Boris Johnson affretta i preparativi per la Brexit no-deal

Con Boris Johnson alla guida, il Regno Unito si prepara ad uscire dall’Ue entro il 31 ottobre. I preparativi per un’uscita senza accordo hanno subito una decisa accelerazione sotto la nuova leadership, ma questo porta Johnson in rotta di collisione con il Governo Autonomo di Edimburgo. Non solo, anche alcuni membri del suo stesso partito sono contrari ad una Brexit no-deal.

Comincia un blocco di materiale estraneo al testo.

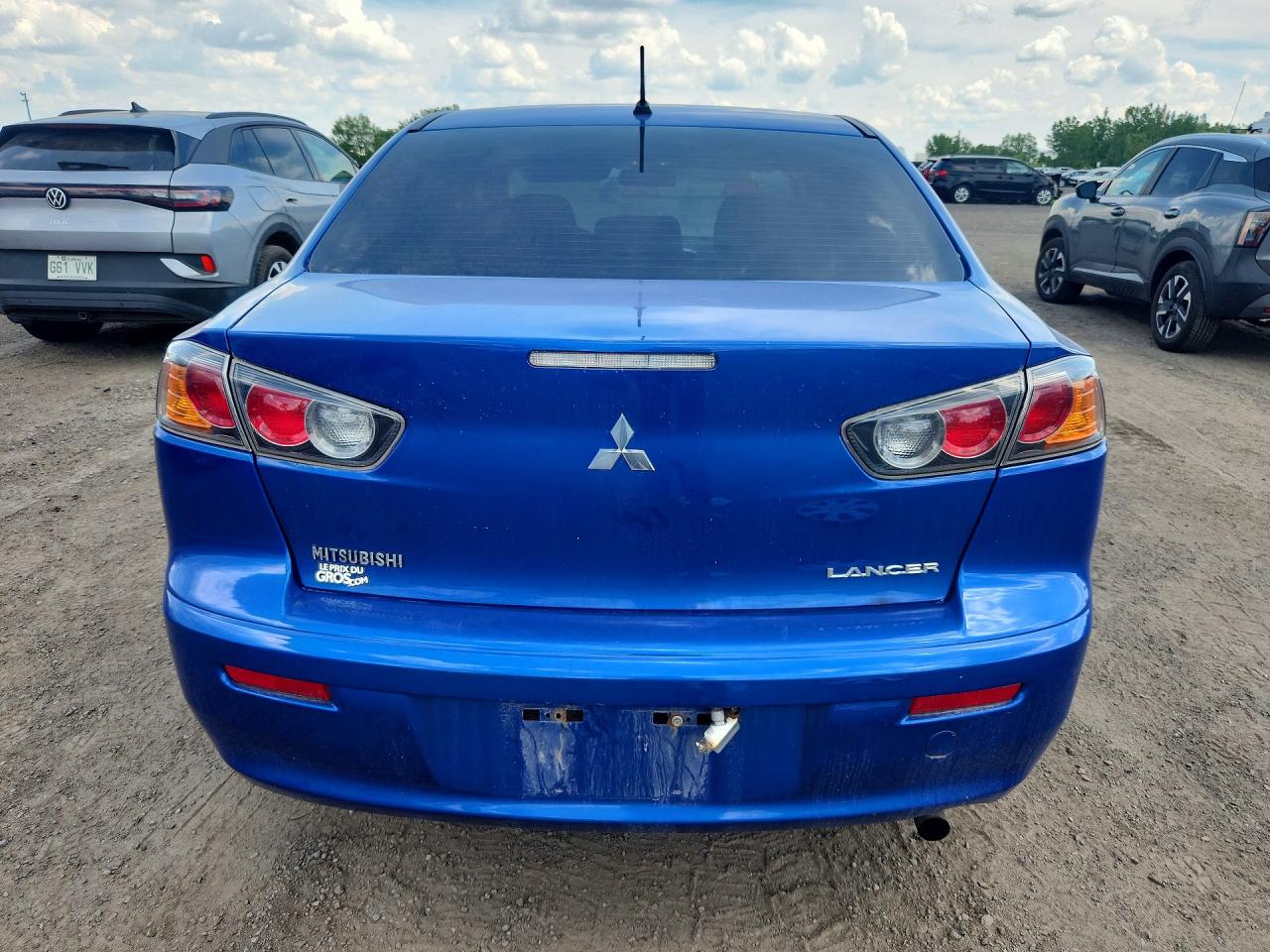 2016 MITSUBISHI LANCER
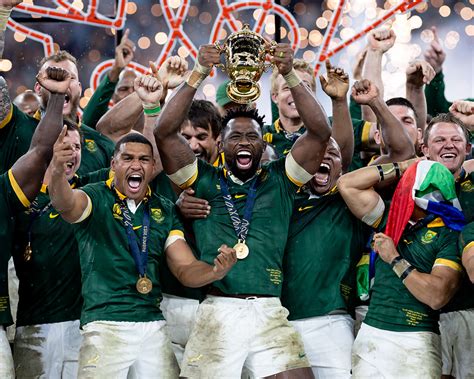 South Africa Secure the Rugby World Cup! - The Full 80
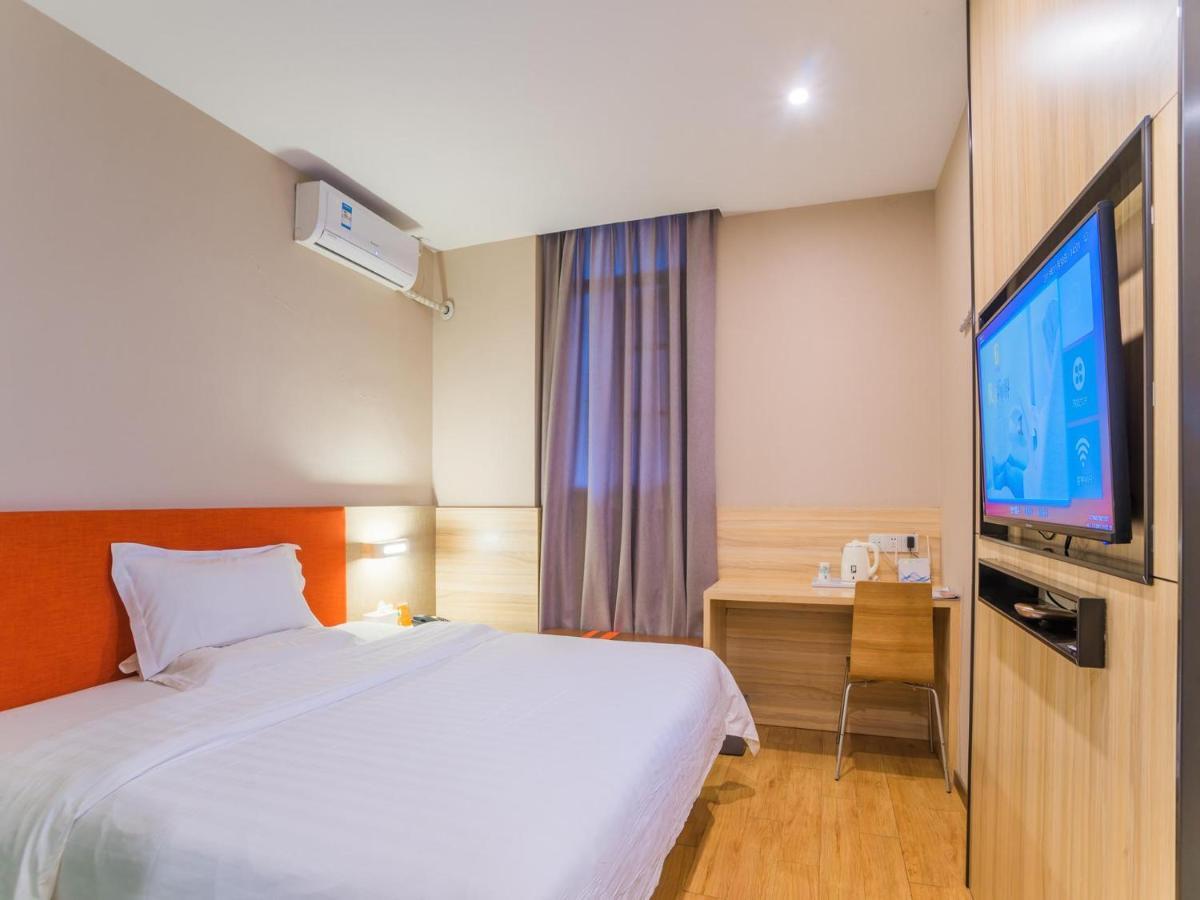 7Days Inn Fuzhou Mawei Eksteriør bilde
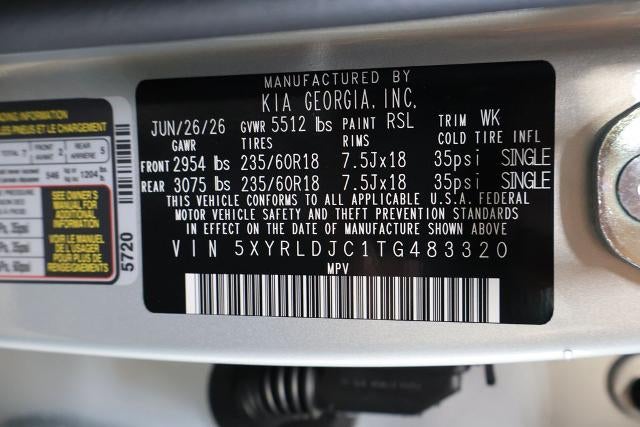 2026 Kia Sorento S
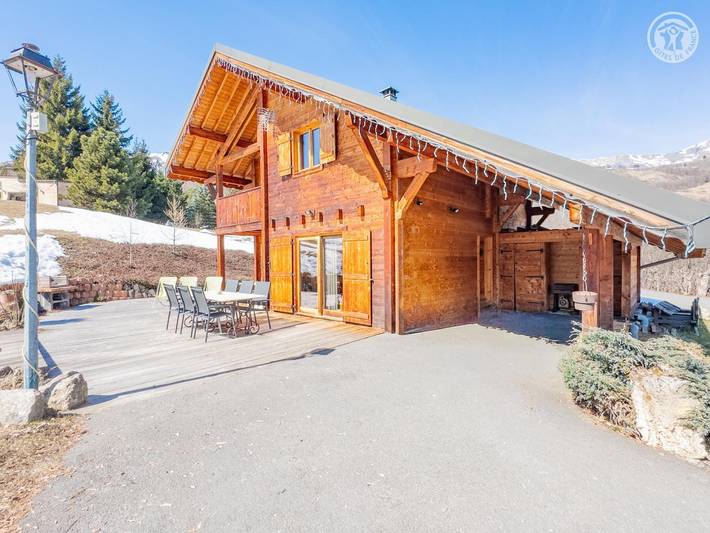 Chalet pour 8 personnes, avec jardin et terrasse, animaux acceptés dans Les Sybelles - 3
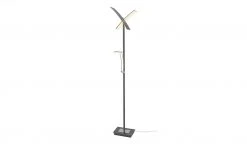 B-Leuchten LED-Deckenfluter, 2-flammig, Anthrazit eloxiert, Kopf schwenkbar -Innenleuchten Verkaufsladen 11684811 3 202112021236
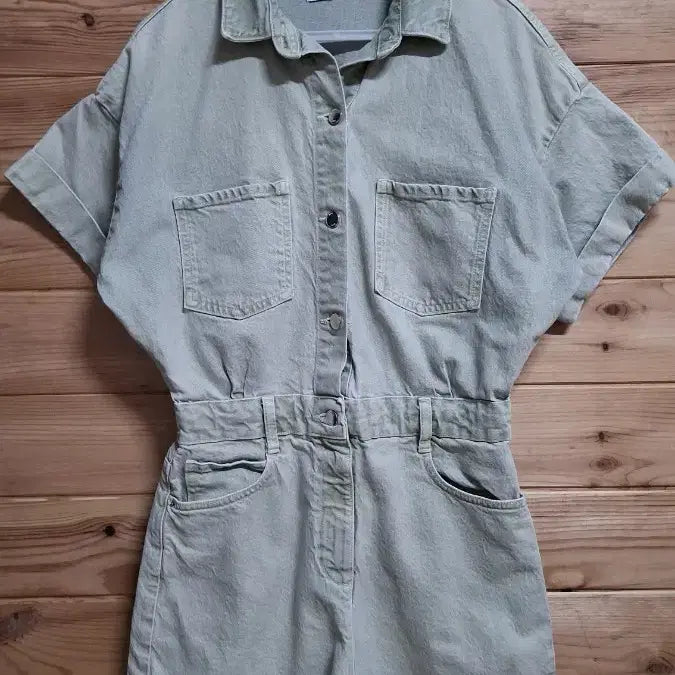 [SOLD OUT] 자라  데님 점프수트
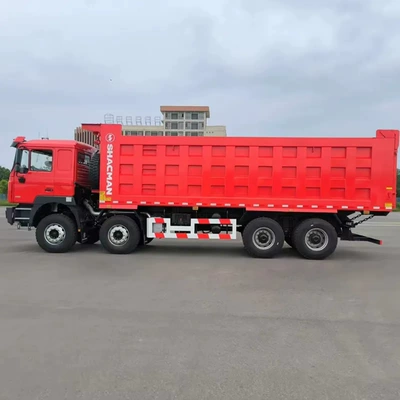 Yük maşınları Shacman 12-Wheel Dump Truck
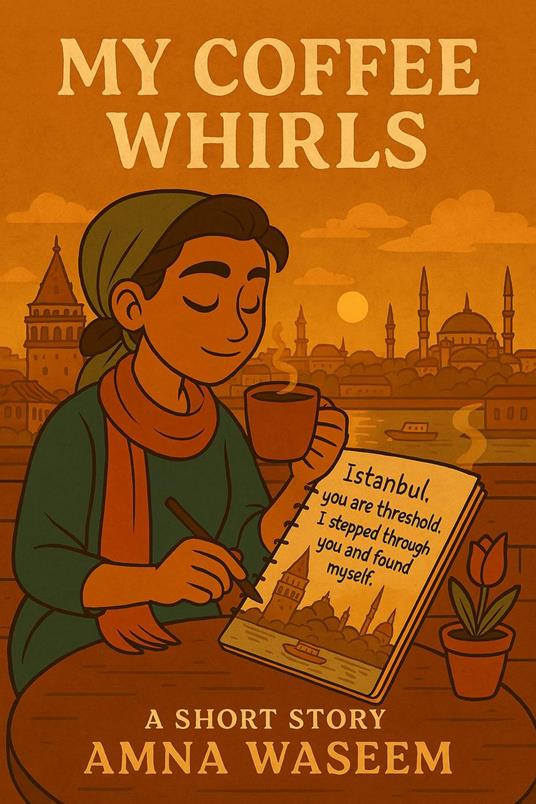 My Coffee Whirls - Amna Waseem - ebook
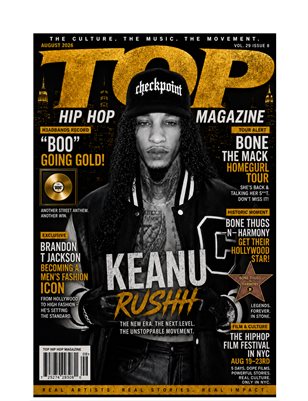 Top Hip Hop Alerts Magazine 
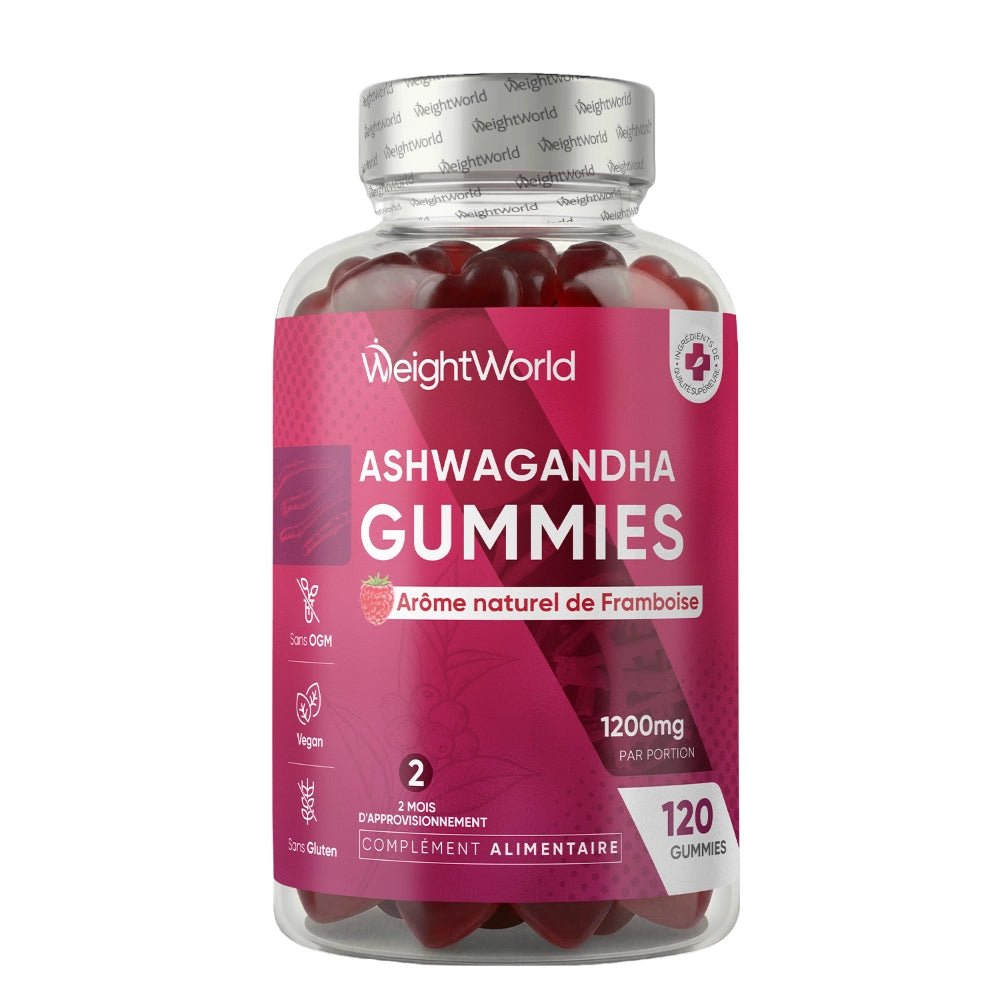 Ashwagandha gummies WeightWorld – 120 gummies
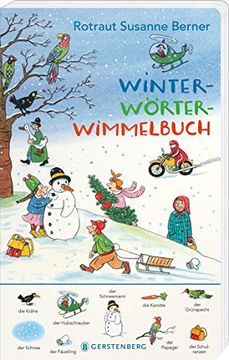 portada Winter-Wörterwimmelbuch (en Alemán)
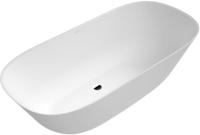 Villeroy & Boch Theano vrijstaand bad met ligzijde links en rechts 175x80cm stone white quaryl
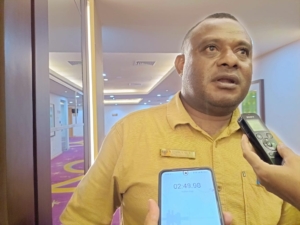 Pemerintah Distrik Kwamki Narama Luncurkan Program Padat Karya Makanan Bergizi untuk Turunkan Stunting
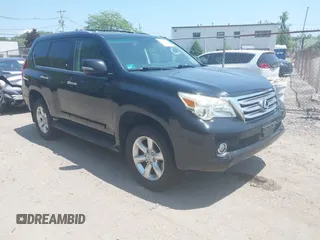 2011 Lexus GX 460 with VIN JTJBM7FX9B5019854, listed as a IAAI auction lot 42558292 with 196,775 mi miles and . Bid and sale history available at DreamBid. Image 1.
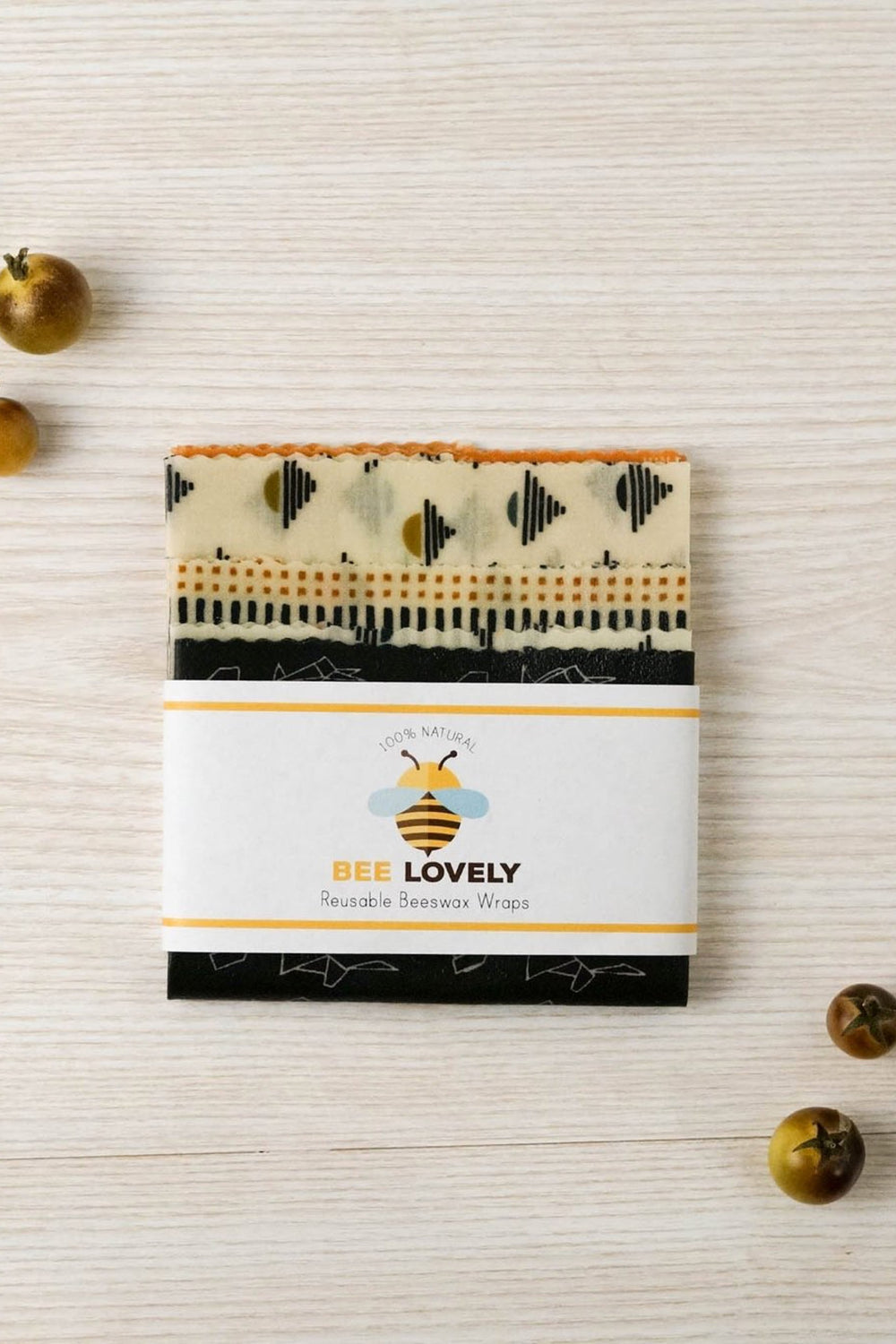 Gilded Sunset Beeswax Food Wraps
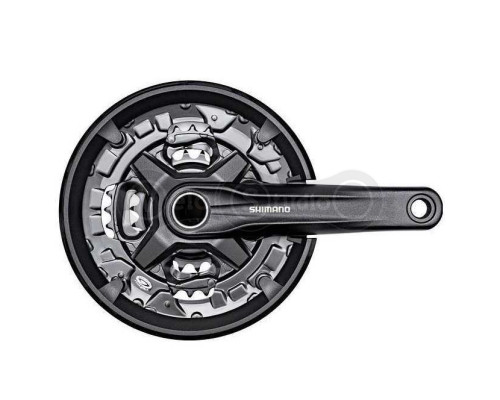 Шатуни Shimano FC-MT210-3 Hollowtech II 175 мм 40x30x22 + захист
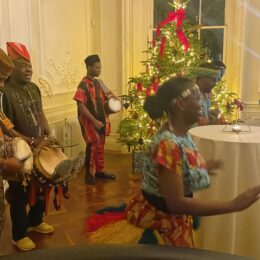 African Entertainers in London 260x260
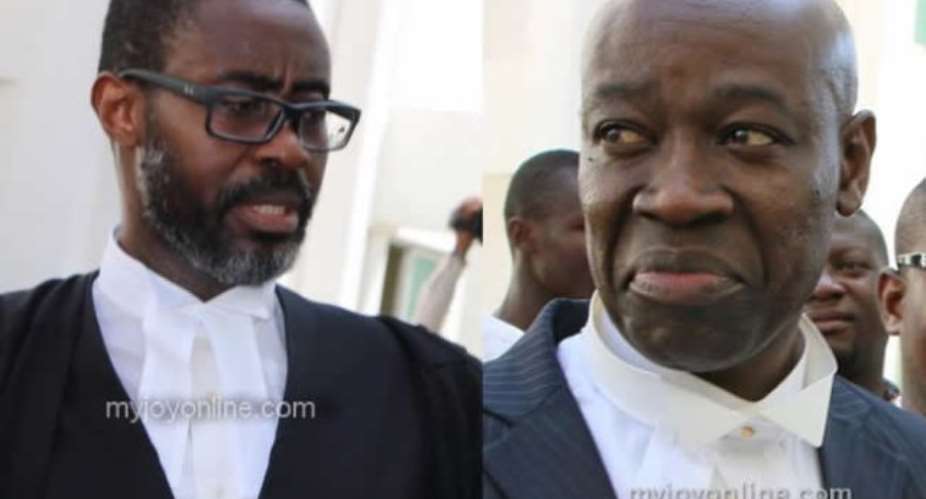Fireworks as Ace Ankomah, Thaddeus Sory clash over judge's recusal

Ruth Davidson, leader del partito conservatore in Scozia si è detta fortemente contraria ad una uscita dall’Ue senza accordo, ed ha voluto sottolineare che una soluzione così drastica non era affatto contemplata ai tempi del referendum del 2016. 

La Davidson ha affermato: “non mi ricordo nessuno che parlava di un’uscita dalla Ue senza accordi stabiliti per mantenere gli scambi vitali tra la Gran Bretagna e la Ue. Ritengo che il Governo non dovrebbe sostenere un ‘no deal’ e, se lo farà, io mi schiererò contro.”

Quello tra Boris Johnson e Ruth Davidson è un conflitto interno da non sottovalutare, anche perché la leader scozzese gode di ampia popolarità a nord del Vallo, ed è riuscita a rilanciare il partito dei Tory in Scozia. Inoltre il fatto che Johnson abbia subito licenziato David Mundell, ministro responsabile della Scozia, contro le precise indicazioni della Davidson che gli chiedeva invece di mantenerlo nell’incarico, non è esattamente la migiore delle premesse. Al suo posto, Johnson ha nominato Alister Jack, al quale ha affiancato come sottosegretario Robin Walker. Il tutto nella totale disapprovazione da pare di Edimburgo.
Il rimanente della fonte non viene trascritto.